Spectral reconstruction

[Askaniy]

Problem: the reconstructed spectrum (now and after implementing kriging) is not one of the solutions to the inverse problem in the general case.

There are two solutions:

• Write an algorithm that corrects the interpolated spectrum so that it is a solution to the inverse problem (close reference)
  • Advantages: may work with any interpolator
  • Disadvantages: interpolator cannot take into account filter profiles; filter profiles may overlap and spectrum may be strangely distorted
• Use an optimization method where the parameters are the grid step points, and the function under study is the correspondence of the resulting spectrum to the original data (with smoothness regularization).
  • Advantages: spectrum is reconstructed using all available information, not limited to the filter profiles mean points
  • Disadvantages: probably slow and loses the benefits of kriging

The advantages and disadvantages are approximately equal, but the first option is a priority.
All other options listed in the review article are less suitable. We don't have enough spectral cubes to train a neural network using space images.

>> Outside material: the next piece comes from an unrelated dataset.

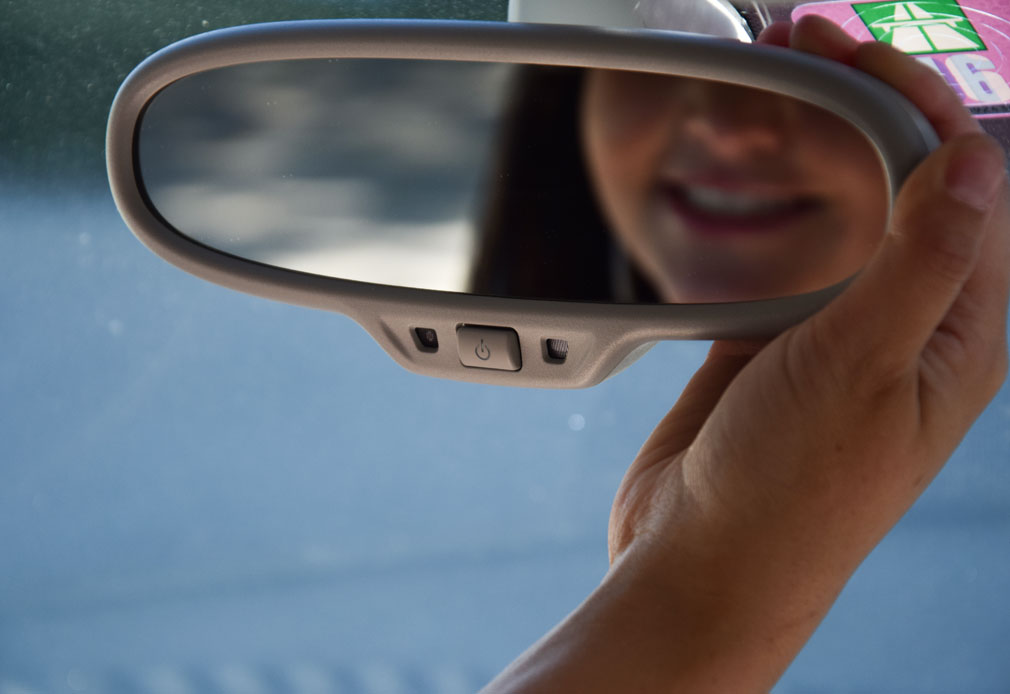 Woospa - #Außenspiegel des Autos korrekt einstellen - so sorgst du für  Sicherheit! ➡️Den linken Außenspiegel stellst du so ein, dass Sie am  rechten Rand noch einen Teil Ihres Fahrzeugs erkennen. ➡️Vertikal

Extended description of the second solution algorithm:

1. Select number ($n$) of points-parameters (5 nm step → 9 points for visible range, 10 nm → 8, …, 640 nm step → 2 points);
2. First approximation of point values (flat spectrum?);
3. $2n$ interpolations to 5 nm step: for each point, make a spectrum with an upward and a downward deviation by $\Delta y$ (my smoothed linear interpolation algorithm was developed specifically for this);
4. $2n$ convolutions with all filters;
5. Calculate the root-mean-square difference between the expected values and the values for each spectrum variation;
6. Changing point values according to the gradient;
7. Repeat in a loop from step 3 until the resulting interpolated spectrum turns out to be a solution to the inverse problem with sufficient accuracy.